Trial of CPX-351 in Newly Diagnosed Elderly AML Patients

This study has been completed.
Sponsor:
Information provided by (Responsible Party):
Celator Pharmaceuticals
ClinicalTrials.gov Identifier:
NCT00788892
First received: November 10, 2008
Last updated: May 16, 2012
Last verified: May 2012
  Purpose

The study investigates if CPX-351 will be a) more effective than the standard AML treatment and b) more tolerable than the standard AML treatment regimens.

The study compares the investigational product CPX-351 vs the standard treatment for AML in this patients age group.
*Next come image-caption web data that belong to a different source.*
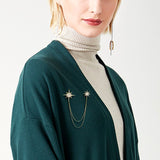 Asymmetric Star Chain Brooch - Rhinestone Double Star Pin with Layered Chains, Elegant Lapel Badge for Women Blazer Coat Dress, Gold Tone In Australia - Darrahopens
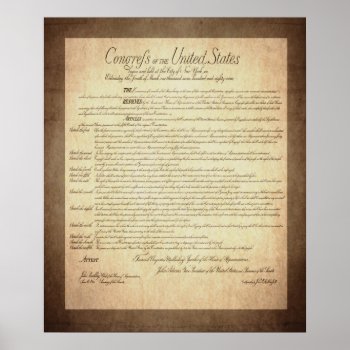 Us Constitution Bill Of Rights Poster by cowboyannie at Zazzle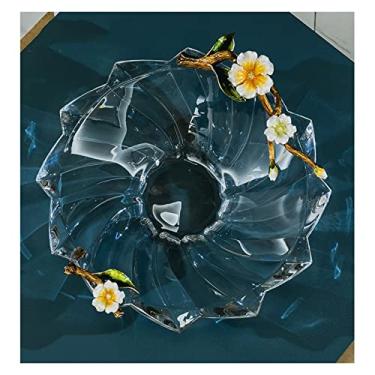 Imagem de Prato de tigelas de frutas para casa pratos de frutas transparentes bandeja de vidro moderna sala de estar caixa de lanche prato de frutas secas prato decorativo de cesta de frutas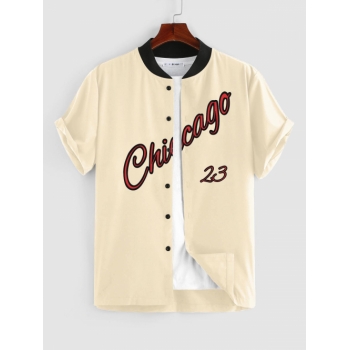 ZAFUL Men's Chicago Graphic Short Sleeve Baseball Shirt L Light coffee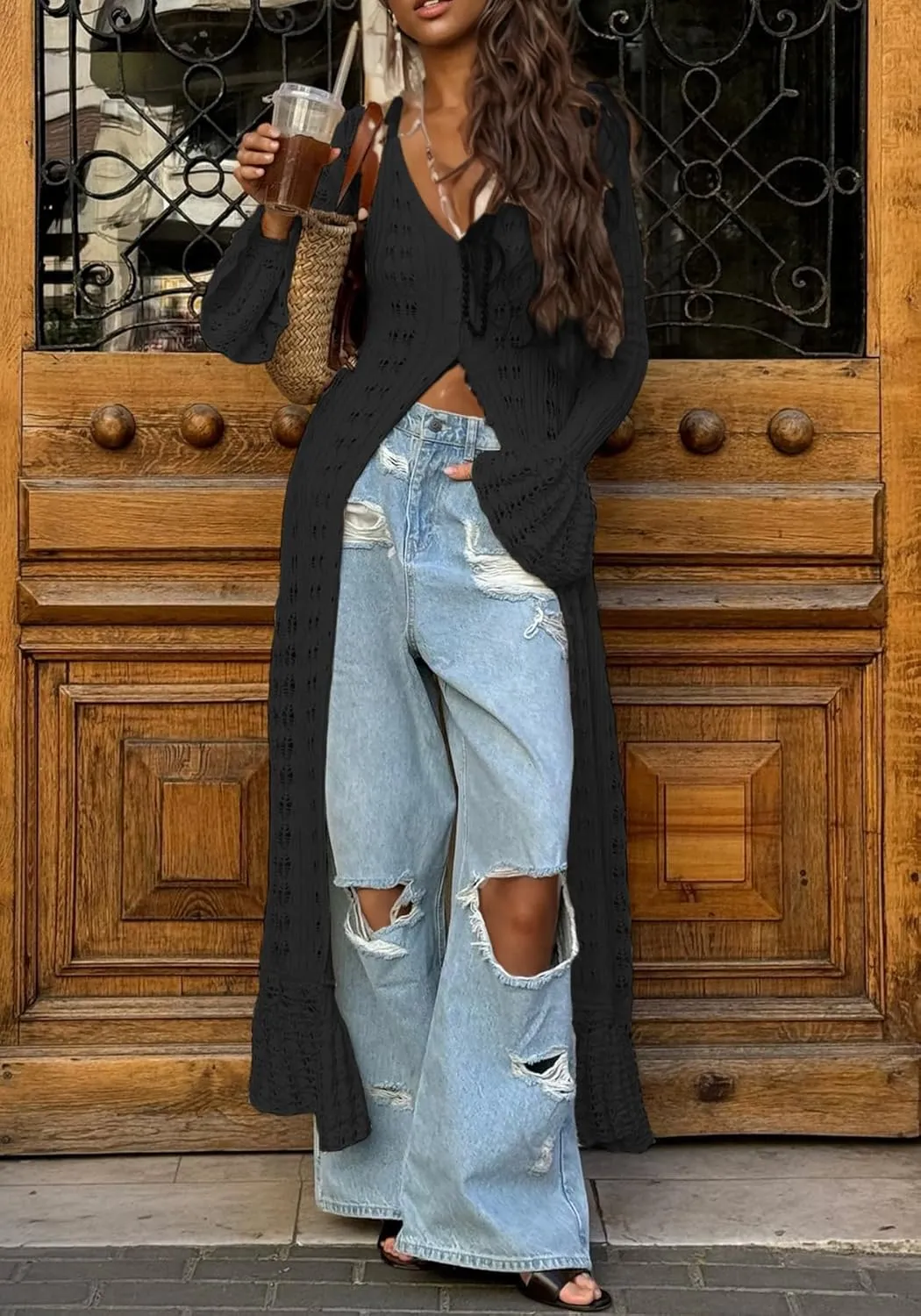 Unybwonn Long Cardigans for Women Crochet Hollow Out Knit Sweater Cover up Maxi Dress Long Sleeve Button Down Cardigan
Condition Intervention Phase
Acute Myeloid Leukemia
Drug: CPX-351
Drug: Cytarabine + Daunorubicin - 7 and 3
Phase 2

Study Type: Interventional
Study Design: Allocation: Randomized
Endpoint Classification: Safety/Efficacy Study
Intervention Model: Parallel Assignment
Masking: Open Label
Primary Purpose: Treatment
Official Title: PHASE IIB, MULTICENTER, RANDOMIZED, OPEN LABEL TRIAL OF CPX-351 (CYTARABINE:DAUNORUBICIN) LIPOSOME INJECTION VERSUS CYTARABINE AND DAUNORUBICIN IN PATIENTS WITH UNTREATED AML 60-75 YEARS OF AGE.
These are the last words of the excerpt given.